Monday Book Review: “the Constantine Codex’ by Paul L. Maier
Having read a ton of books over my life, there are different levels or formats of writing. There is low-brow, high-brow and the like. This falls somewhere in the middle, as Dr. Maier has a Ph.D. and the writing is simple if not clunky. I imagine his editors, publishers, agents asked him to write a lower standard of English. It’s not that it takes away from the reading, it’s that it’s noticeable, especially for a Doctor.

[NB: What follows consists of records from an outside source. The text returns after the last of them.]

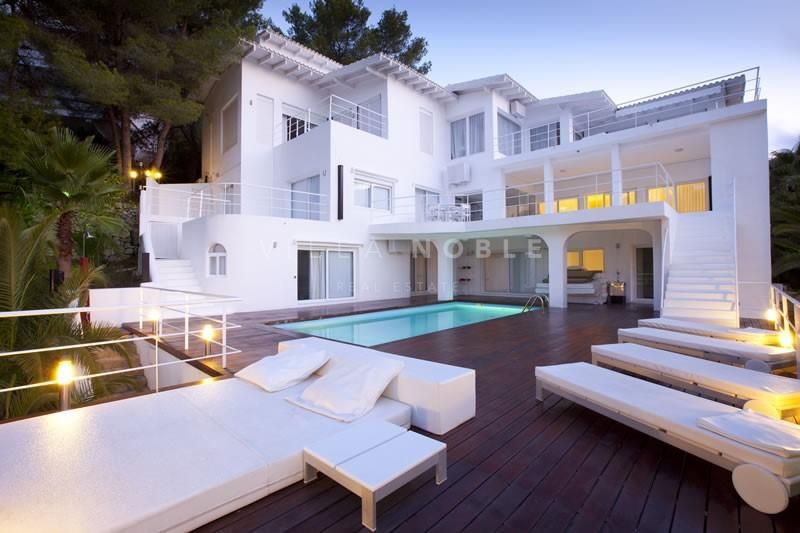 Luxury villa in the exclusive neighbourhood of Can Furnet
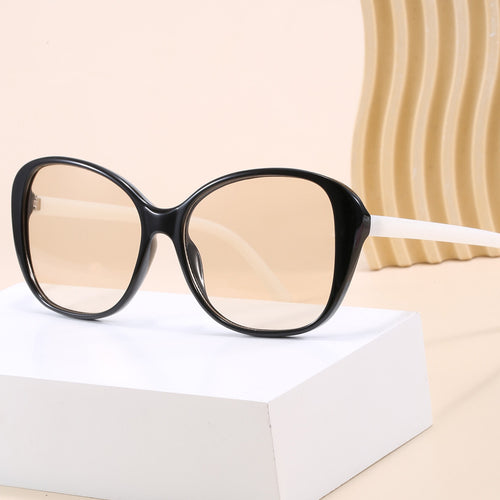 Dame moterik oversized solbriller med luksuriøst design Skanto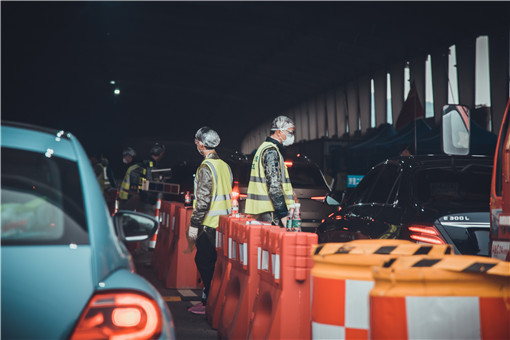 春節(jié)返鄉(xiāng)要隔離嗎-攝圖網(wǎng)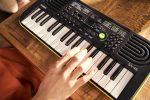 Casio SA-46 32 Mini Keys Musical Keyboard with Piano tones, Black/Green - Image 4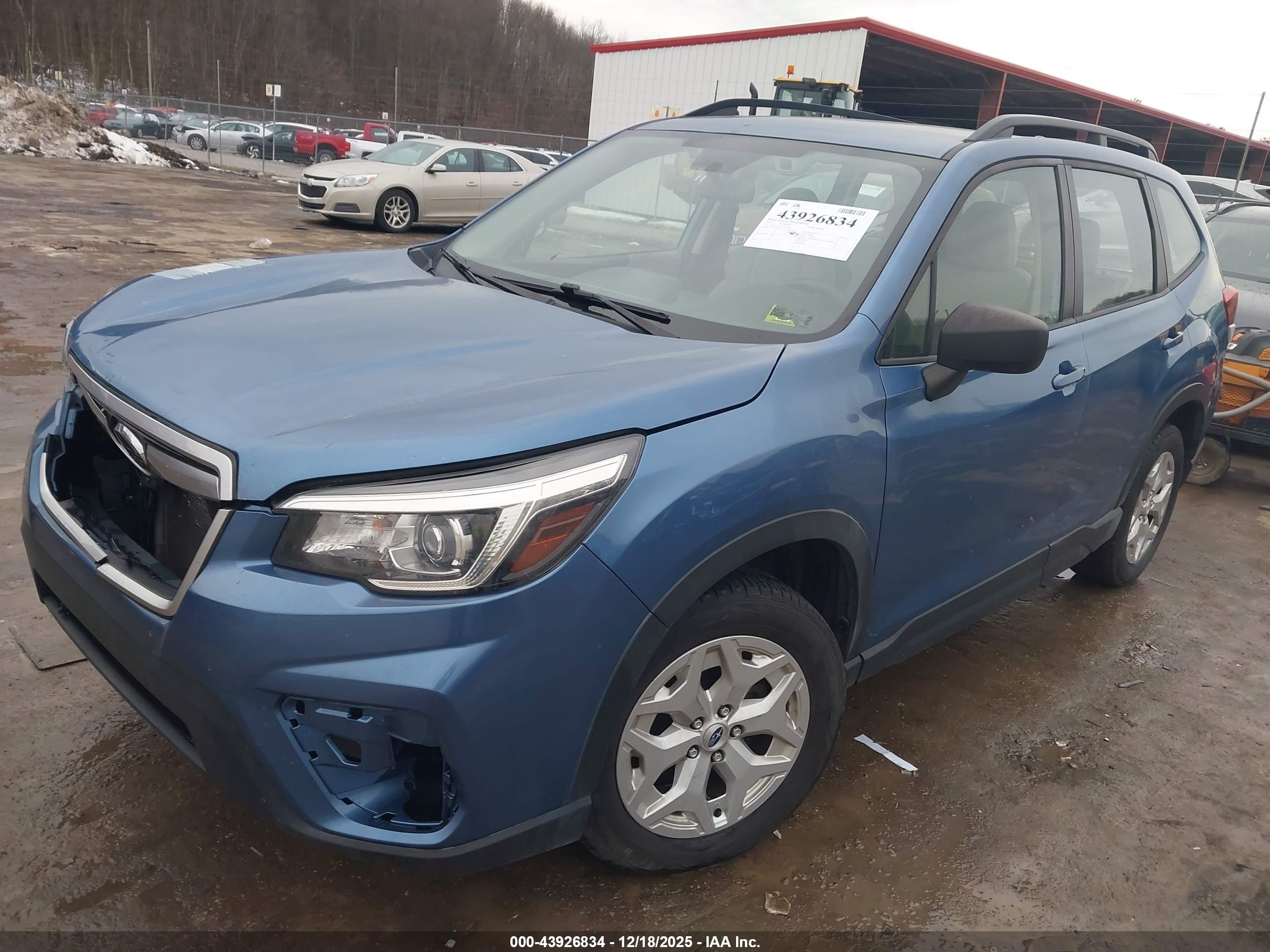 SUBARU FORESTER image 2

For the plot, from Amazon:
Harvard Professor Jonathan Weber is finally enjoying a season of peace when a shocking discovery thrusts him into the national spotlight once again. While touring monasteries in Greece, Jon and his wife Shannon—a seasoned archaeologist—uncover an ancient biblical manuscript containing the lost ending of Mark and an additional book of the Bible. If proven authentic, the codex could forever change the way the world views the holy Word of God. As Jon and Shannon work to validate their find, it soon becomes clear that there are powerful forces who don’t want the codex to go public. When it’s stolen en route to America, Jon and Shannon are swept into a deadly race to find the manuscript and confirm its authenticity before it’s lost forever.
Ingenious plot, if not a bit fantastical, but ‘lost books of the bible’ fictional accounts are. You have to suspend a bit of belief, as I do whenever I read a similar story, and let yourself go in the story, the people and the places.
Paul does a great job creating characters and places. You feel that the Drs. Weber could be actual professors but their reaction to the fatwa aren’t as ‘worried’ as they should be. He has death threats against him and he just feels a bit too blase. Maybe that’s discussed in the earlier two books, having not read them, I can only conclude what is presented in “The Constantine Codex”.
The villains are a bit too cartoonish, as villains go. Working behind the scenes, creating disharmony and discord is a bit much. Paul’s presentation of Islam and Muslim beliefs, nations and characters are handled with care and it just fits in the plot.
Overall, the book is enjoyable, a great weekend read and the visuals he creates of the middle east are fantastic.